In the case of the permuted MNIST setup for example it's enough to have sufficient memory allocation to store some examples of all the tasks in order to remember how to solve all of them. In fact, the task n only is forgotten once that all their past "memories" have been overwritten due to a memory no big enough (in relation to the number of tasks).
This is the DeepMind MbPA results in the permuted MNIST (Solving 20 tasks):
These are the results of a RMA with a memory of size 15.000 and where we memorize only 10 batches of the 10.000 used in each task, we can see we still got a great continuity learning ratio in test time.
Solving 10 tasks:
Solving 20 tasks:
Finally, these are the results of the same RMA with a memory of size 15.000, 10 batches of each 10.000 but resolving 40 tasks.
We can see that as long as there is memory for keeping some examples of every task the continual learning rate is very stable against the test dataset...and at the end we are just using a two layers MLP for all the job!! The augmented random memory really seems to do a great work against the catastrophic forgetting.
Future work.
I'd like to check this same model in other tasks and also use a different embedding function (network) different of the identity one used here.

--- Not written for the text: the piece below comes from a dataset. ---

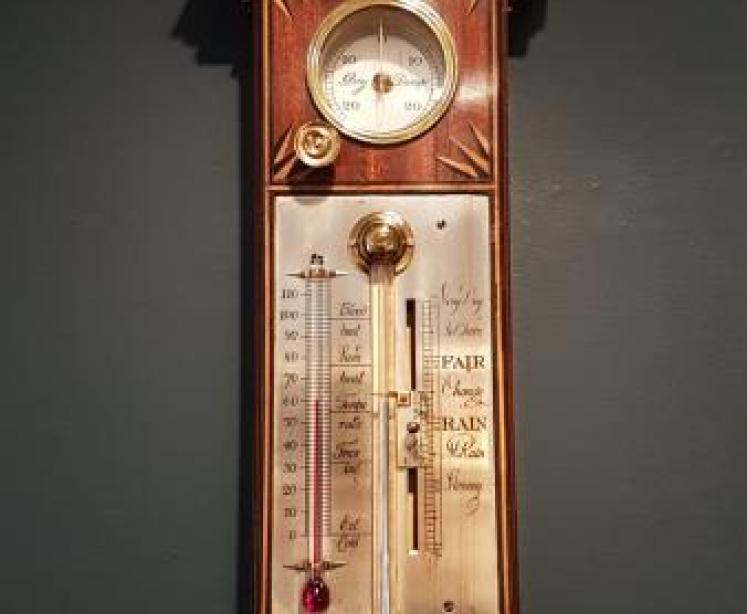 Edwardian Inlaid Stick Barometer with Hygrometer - Image 2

Also, there are a lot of possibilities to improve these results. An easy way would be just to keep an independent memory (Mi) for every different task in a similar way Neural Episodic Control(NEC) does for each action in the action space (Ma). Then we would retrieve a random equal proportion from every memory in any backpropagation step.
It'd be interesting too apply this method to some complex supervised task and look for some kind of improvement.
Conclusions.
There is no doubt that the use of some kind of external memory like the one used in MbPA or the used in Neural Episodic Control (NEC) (Pritzel et al., 2017) is going to be a fundamental part of any model able to solve the main shortcomings of neural networks such as catastrophic forgetting, fast, stable acquisition of new knowledge, learning with an imbalanced class labels, and fast learning during evaluation. I showed here that maybe an easy way to solve some of these problems resides just in the use of a random and fast external memory that stores "memories" of past events seen during the training process. It may be possible that we don't need to weighted over the whole memory, and that we don't need neither to use a sorted tree with a kernel able to return the nearest examples.